EP1301726A1

EP1301726A1 - Electromagnetically actuated, single-surface friction coupling, without a rotor slip ring

Info

Publication number: EP1301726A1
Application number: EP01957967A
Authority: EP
Inventors: Rudolf Schneider; Helmut Fronius
Original assignee: ZF Friedrichshafen AG
Current assignee: ZF Friedrichshafen AG
Priority date: 2000-07-20
Filing date: 2001-07-14
Publication date: 2003-04-16
Also published as: WO2002008627A1; US6827189B2; US20040104095A1

Abstract

The invention relates to an electromagnetically actuated single-surface friction coupling without a rotor slip ring. Said coupling comprises: a rotor element (2), a fixed magnet body (6) and a well-shaped armature element (28) which can be displaced in an axial manner. A cylindrical jacket section (28B) of the armature element (28) extends along the external jacket surface (12) of the magnet body (6) and is separated from the latter by a narrow radial air-gap. A working air-gap (S), which can be bridged, is situated between the armature element (28) and a friction surface (30) of the rotor element. To maintain the lowest possible inertia torque for the power take-off, the rotor element (2) is located on the power take-off side and the armature element (28) is located on the drive side.

Description

Electromagnetically operated, slip ring-free single-face friction clutch

The invention relates to an electromagnetically actuated, slip ring-free single-face friction clutch with a cup-shaped anchor element.
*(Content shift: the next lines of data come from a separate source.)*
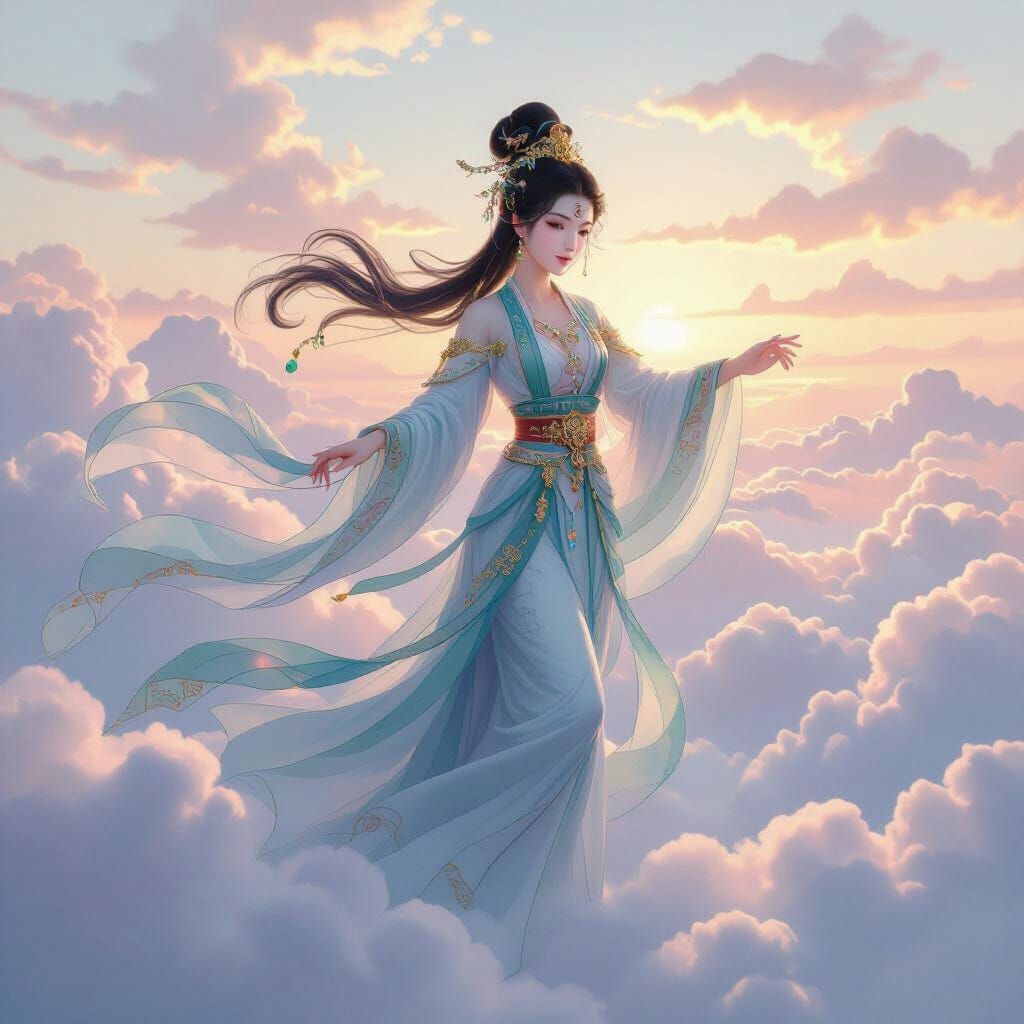 Ancient Chinese Celestial Maiden Soaring Through Dawn Clouds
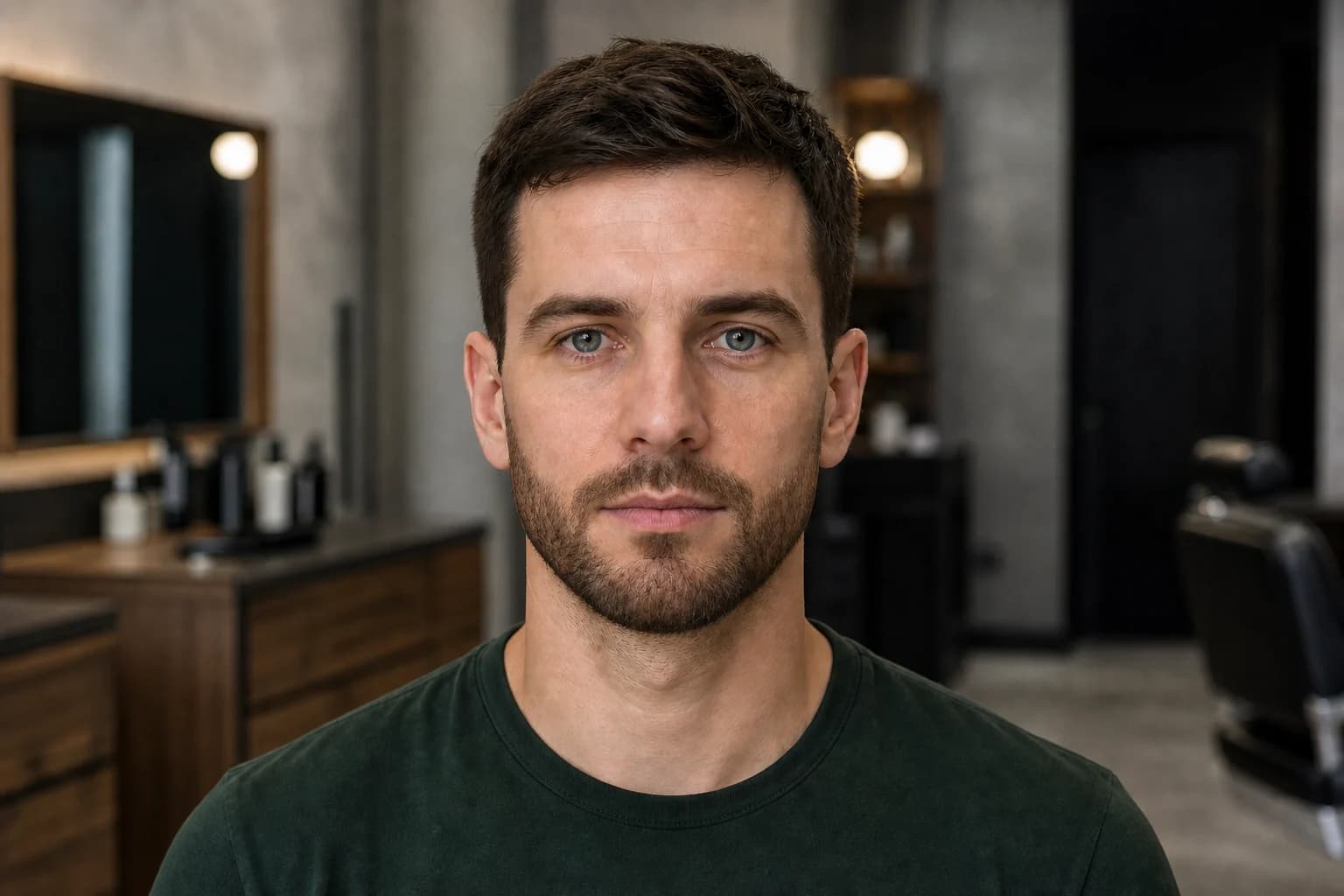 Le même homme avec barbe courte structurée et moustache reliée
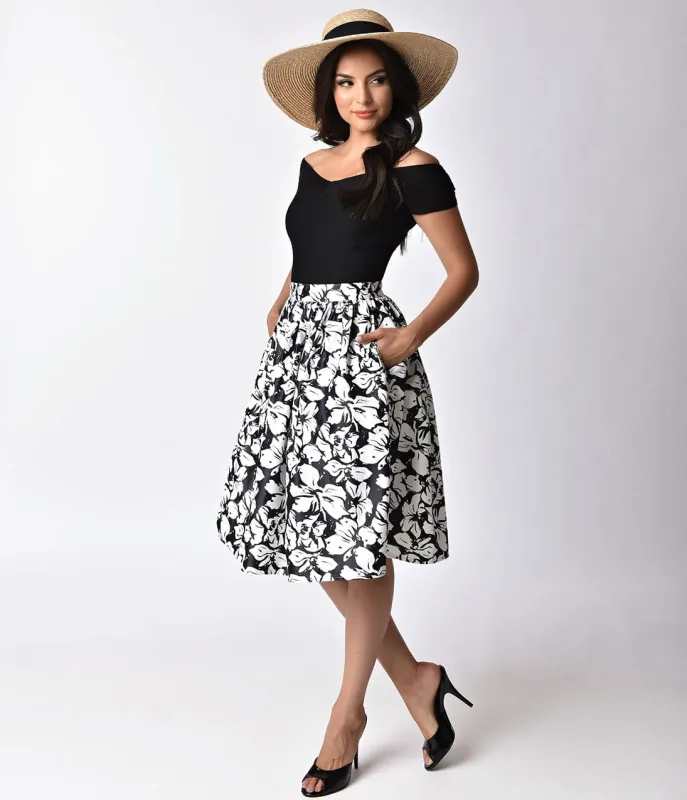 Unique Vintage 1950s Style Black & White Floral High Waist Swing Skirt sold by Unique Vintage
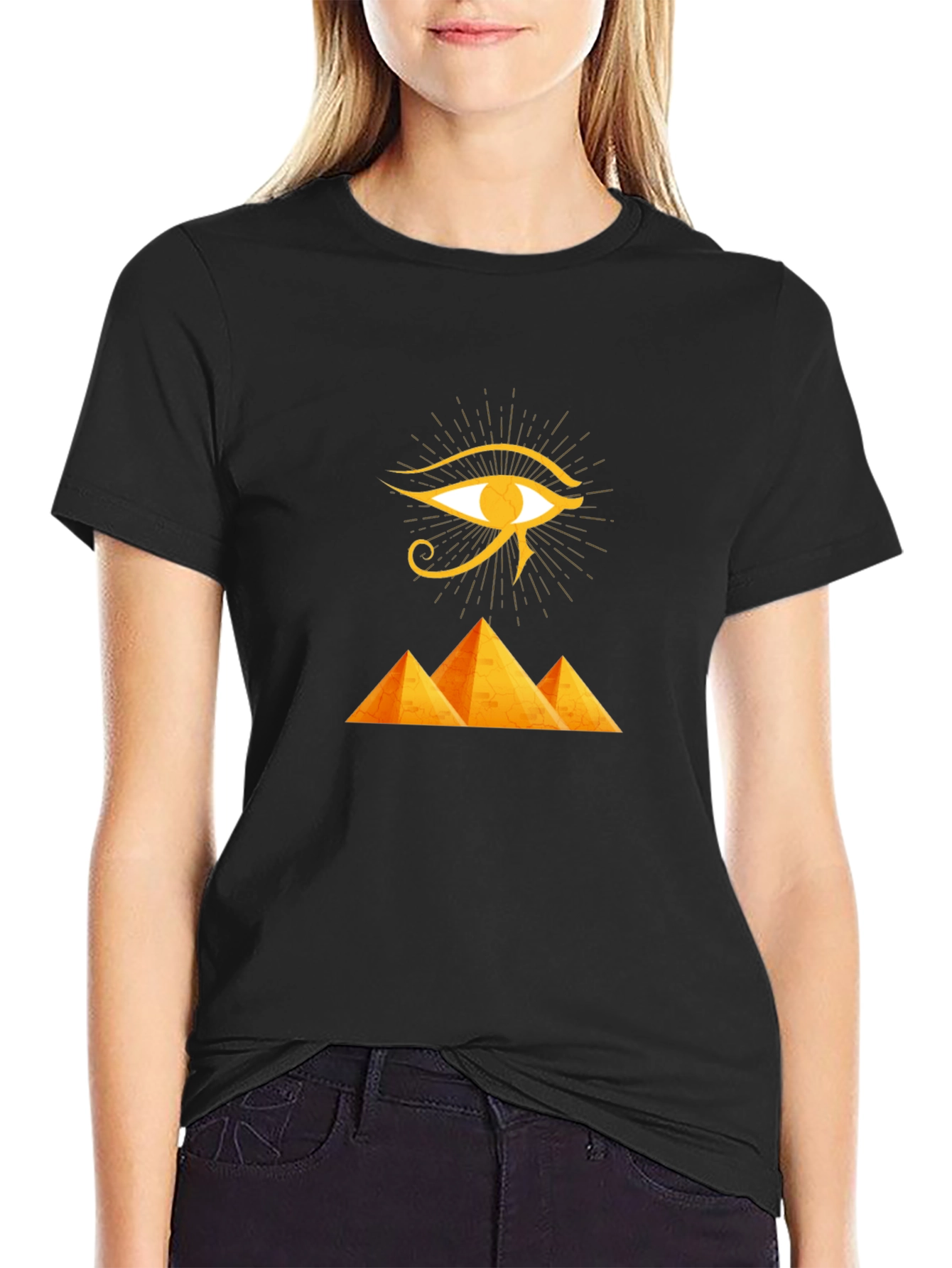 Black Eye of Ra Pyramid Black T-Shirt view 2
An electromagnetically actuated friction clutch with such an anchor element is shown in the unpublished DE 199 51 630. This coupling has a rotatably mounted rotor element, a fixed magnetic body with a magnet coil and a rotatable, but axially displaceably mounted, pot-like anchor element. The anchor element has an annular disk-shaped area and a cylindrical jacket-shaped area. The armature element dips into an annular groove of the magnet body with a cylinder-shaped region, it being possible for magnetic flux to be transmitted via a narrow, radial air gap. This type of electromagnetically actuated clutches is inexpensive to manufacture, requires little space and is highly reliable. Such a coupling is suitable for hand-held impact drills for selectively coupling or uncoupling the drive motor from the output side

Drilling tool. The coupling responds to high loads and / or deflection movements of the housing of the impact drill, such as occur when the drilling tool gets caught. This can avoid a risk of injury to the machine operator. The coupling described in DE 199 51 630 is intended to be installed in an impact drill in such a way that the rotor element is constantly driven by the drive motor and the armature element. ment is constantly connected to the drilling tool or the drilling tool holder.

It has been shown that, owing to translations on the output side, after the clutch has been released until the elements on the output side have come to a complete standstill, undesirable reaction moments still act on the housing of the impact drill.

Another problem is that after the clutch has been triggered, the output side with the drilling tool comes to a standstill almost immediately, the drive side of the clutch and the drive motor after a break in the power supply to the drive motor, due to the stored angular momentum, for a few seconds lags. The machine is only ready for operation again when the drive motor has come to a standstill. Because usually after a release operation quickly the work is to be included with the drill again, the time until the ^'standstill side drive elapses, is perceived as unbearably long.

The invention is therefore based on the object of reducing the undesirable reaction moments which can still occur after the clutch has been released to a minimum. The clutch should also be able to be further developed in such a way that the time until the drive side comes to a standstill after a triggering process.

This object is achieved by an electromagnetically actuated, slip ring-free single-face friction clutch with the features of the main claim. Accordingly, the rotor element is on the output side and the armature element is on the drive side. arranged on the side. Due to the shape of the pot, the anchor element on its cylindrical surface at a large distance from the center of rotation has considerable portions of its total mass and therefore has a large moment of inertia. In contrast, the rotor element has a smaller diameter and lower mass fractions that are far from the center of rotation. It therefore has a much smaller mass moment of inertia, which means that the angular momentum that has to be reduced on the output side after the clutch is released is much smaller. Tear out of a hand-held tool after the clutch has been released is reduced to a minimum.

In an advantageous embodiment of the invention, the friction surface of the rotor element is assigned to the side of the annular disk-shaped region of the armature element, which lies opposite the region of the armature element in the form of a cylinder jacket. When the clutch is in the switched state, the friction surface of the rotor element lies, so to speak, outside the cup-shaped armature on the pot bottom, the rotor element lying essentially outside the axial installation space occupied by the armature element. The rotor element is therefore very close to the output side, which enables a short, output-side shaft with a correspondingly small moment of inertia.

In accordance with the higher drive moment of inertia of the clutch, a higher drive-side angular momentum remains in the system after a triggering process. In order to shorten the time until the drive side comes to a standstill after a triggering process, in an advantageous embodiment of the invention the anchor element can be axially displaced between two end positions, it being in the the first end position is frictionally coupled to the rotor element and in the second end position is frictionally connected to a stationary brake ring.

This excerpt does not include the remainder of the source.